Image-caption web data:

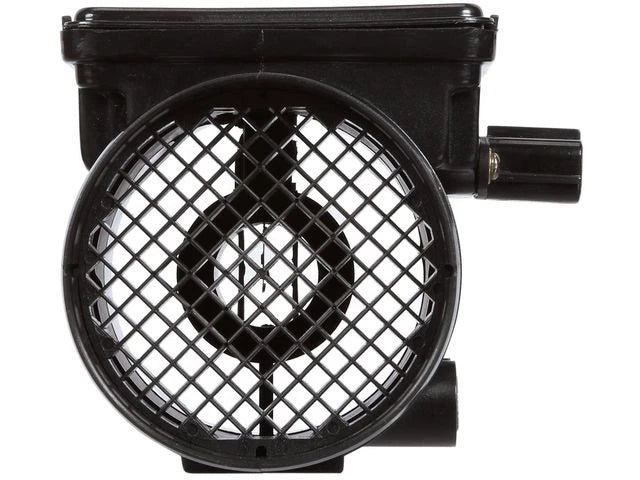 Mass Air Flow Sensor for Mazda Protege5 2002–2003 RT659XW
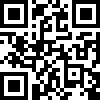 https://mehrnews.com/x3cdTM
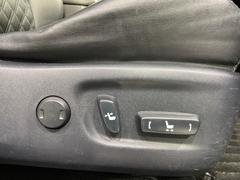 �ڥѥ�����ȡۥ����å���ĤǴ�ñ�˥����Ȥ���Ĵ������ǽ����ư�������Ϥ⤤��ޤ��󡪲�Ŭ�ʥ����ȥݥ������˥��åȤ��ơ���Ŭ�ʥɥ饤�֤򤪳ڤ��ߤ��������� 5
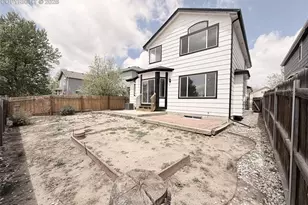 5118 Herndon Cir, Colorado Springs, CO 80920 - Photo 41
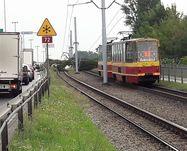 37769 8900c9135d1922b5ee224294edea0a01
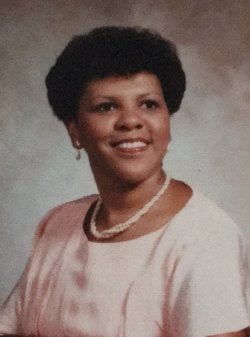 Alvinie_Sturtevant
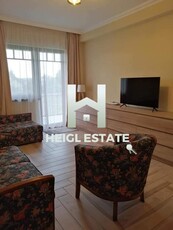 Apartament cu 2 camere in zona Dumbravita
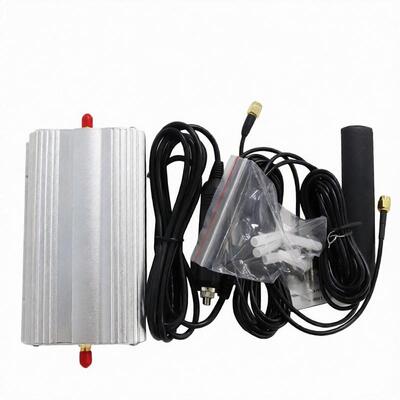 Beli Mobil Menggunakan Signal Detector 2W High Power / Mini Portable Mobile Signal Booster online manufacture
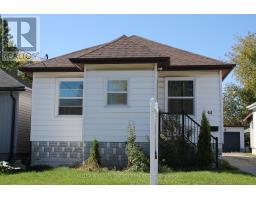 64 GRENFELL STREET, Oshawa, Ontario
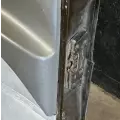 Mack CXU612 Door Assembly, Front thumbnail 4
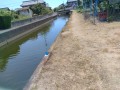 IMG_20250907_114725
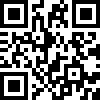 https://isna.ir/xdMPVs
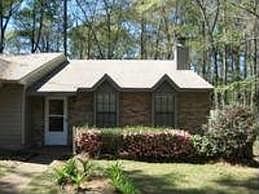 2nd image of 1196 Brafforton Dr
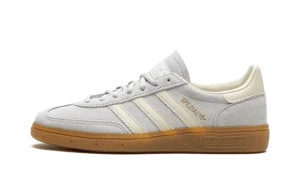 Handball Spezial "Grey Cream White"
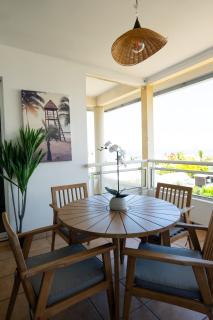 Nouvel Horizon T3 - 9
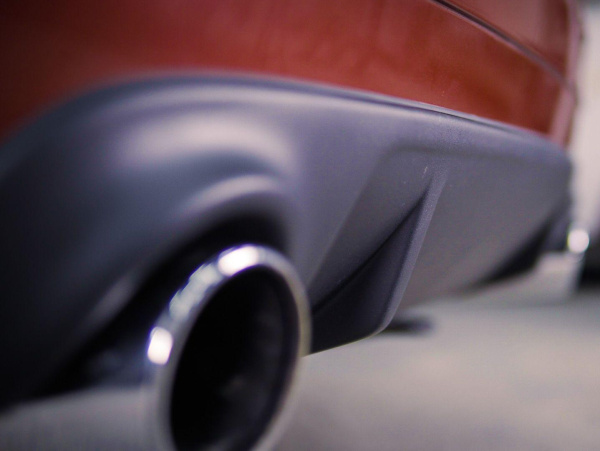 T-rubber gasket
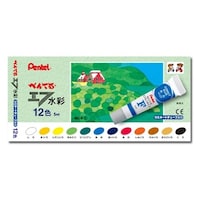 �؂�Ă�@�G�t����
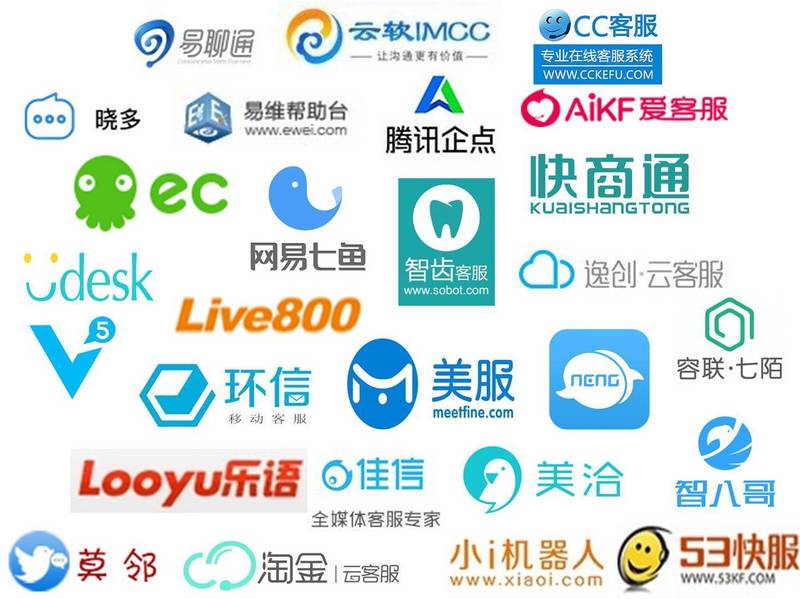 一个SaaS项目失败的5个关键原因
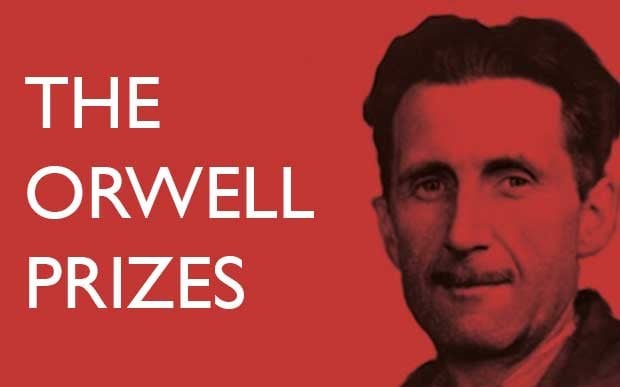 The Orwell Prize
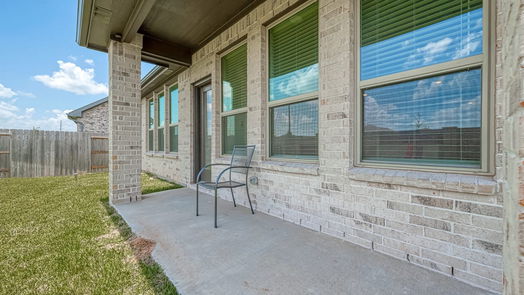 Katy 2-story, 4-bed 27035 Bel Air Point Lane-idx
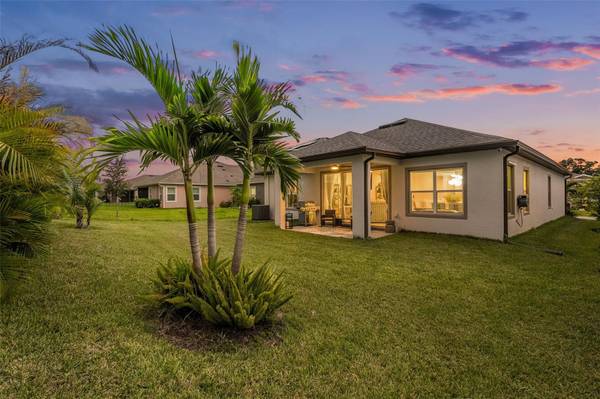 6252 HIDDEN BRANCH DR, Apollo Beach, FL, 33572 photo 48
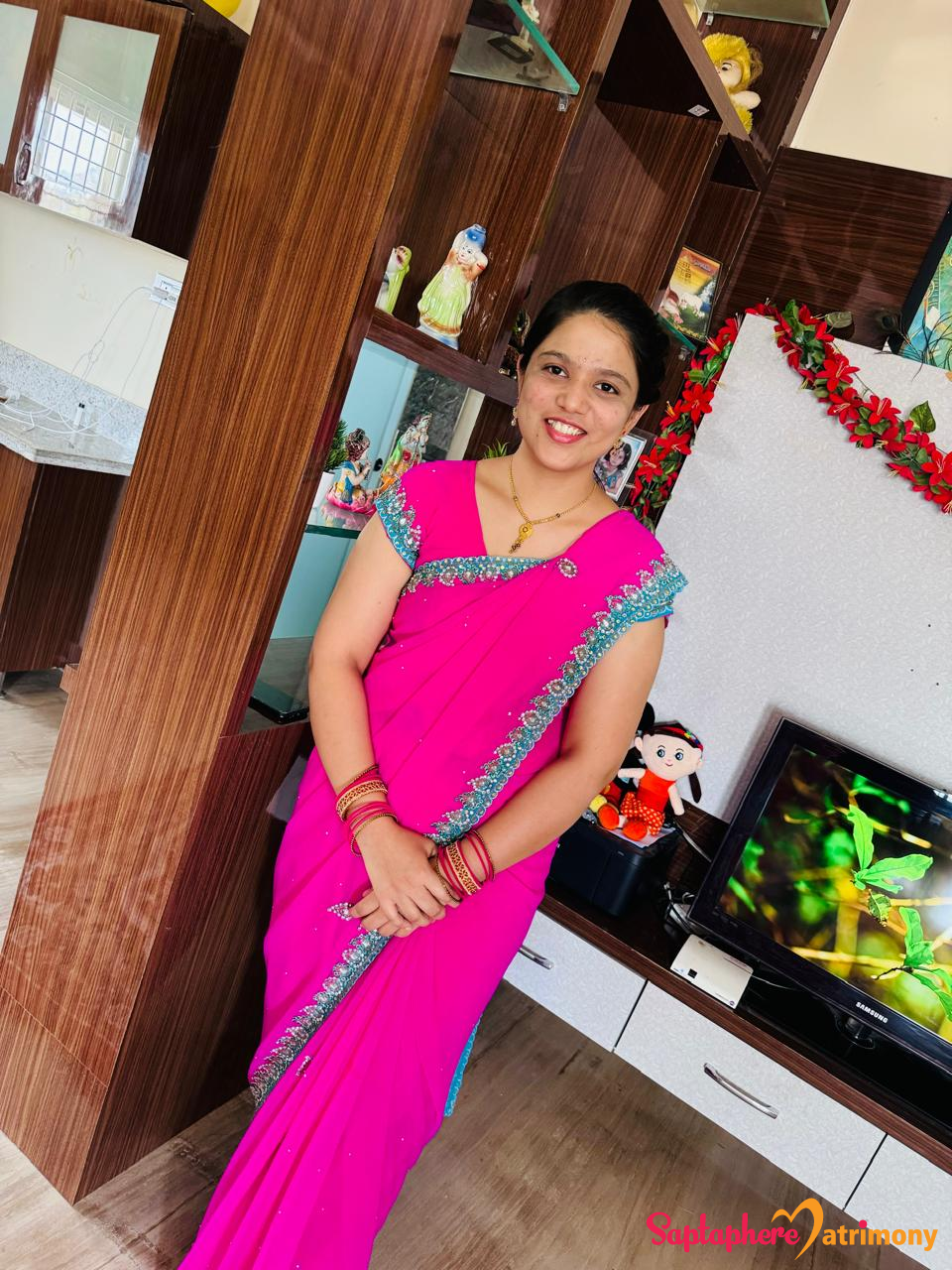 Vaishnavi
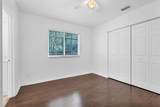 1427 34th Way - Photo 28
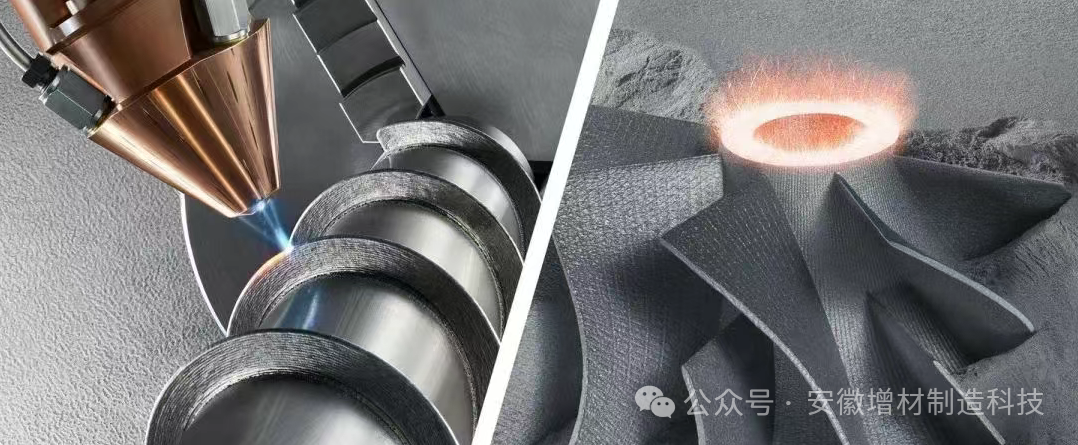 Magnesium Alloy Additive Manufacturing (3D Printing): Unlocking a New Era of Lightweight Revolution with the 'Star Material'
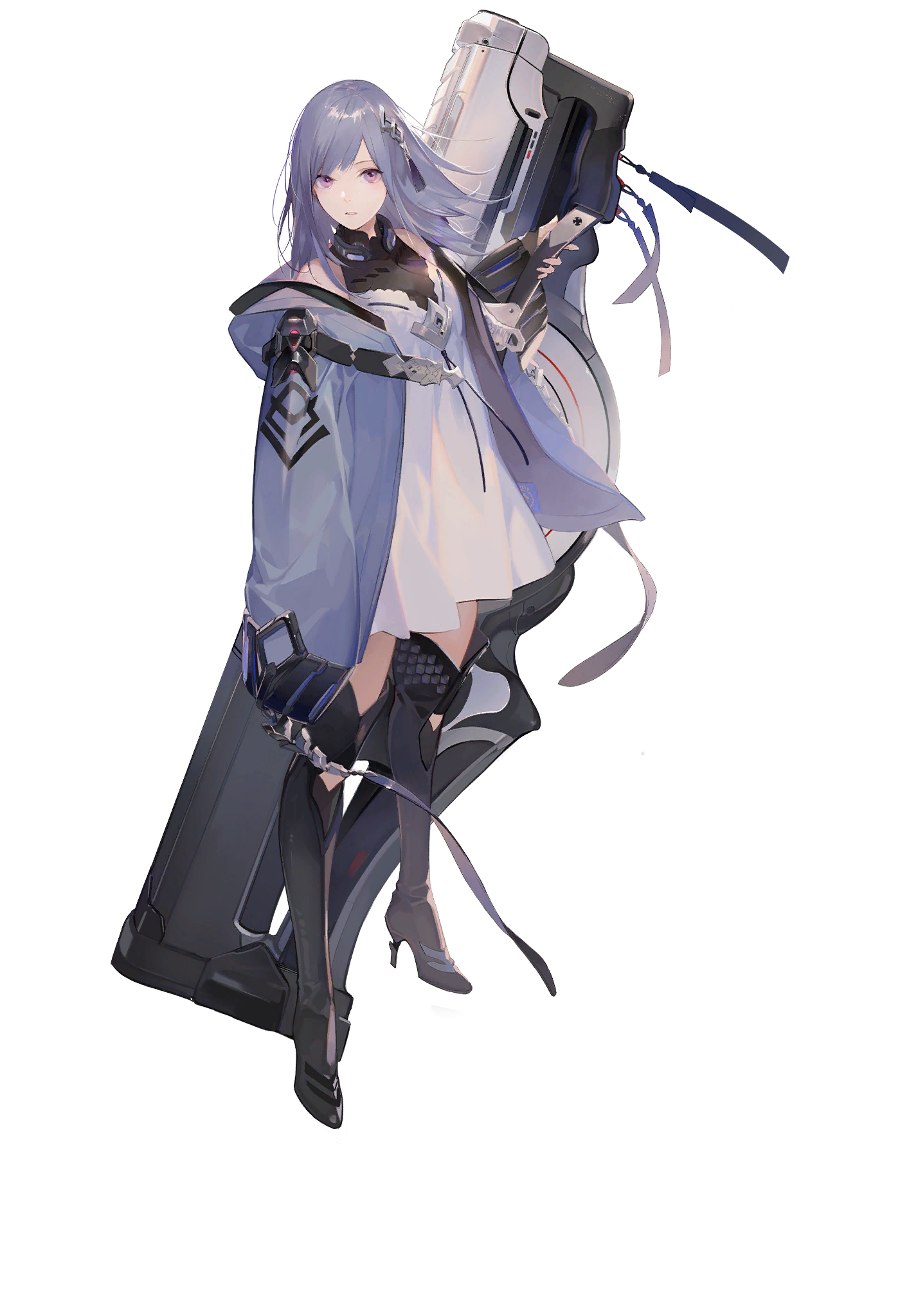 迪妮莎-基础立绘-简讯.png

■ **Exercise aim**:
Repeat every entry above exactly; images stay out of the copy.

■ **Solved problem**:
 Mass Air Flow Sensor for Mazda Protege5 2002–2003 RT659XW
 https://mehrnews.com/x3cdTM
 �ڥѥ�����ȡۥ����å���ĤǴ�ñ�˥����Ȥ���Ĵ������ǽ����ư�������Ϥ⤤��ޤ��󡪲�Ŭ�ʥ����ȥݥ������˥��åȤ��ơ���Ŭ�ʥɥ饤�֤򤪳ڤ��ߤ��������� 5
 5118 Herndon Cir, Colorado Springs, CO 80920 - Photo 41
 37769 8900c9135d1922b5ee224294edea0a01
 Alvinie_Sturtevant
 Apartament cu 2 camere in zona Dumbravita
 Beli Mobil Menggunakan Signal Detector 2W High Power / Mini Portable Mobile Signal Booster online manufacture
 64 GRENFELL STREET, Oshawa, Ontario
 Mack CXU612 Door Assembly, Front thumbnail 4
 IMG_20250907_114725
 https://isna.ir/xdMPVs
 2nd image of 1196 Brafforton Dr
 Handball Spezial "Grey Cream White"
 Nouvel Horizon T3 - 9
 T-rubber gasket
 �؂�Ă�@�G�t����
 一个SaaS项目失败的5个关键原因
 The Orwell Prize
 Katy 2-story, 4-bed 27035 Bel Air Point Lane-idx
 6252 HIDDEN BRANCH DR, Apollo Beach, FL, 33572 photo 48
 Vaishnavi
 1427 34th Way - Photo 28
 Magnesium Alloy Additive Manufacturing (3D Printing): Unlocking a New Era of Lightweight Revolution with the 'Star Material'
 迪妮莎-基础立绘-简讯.png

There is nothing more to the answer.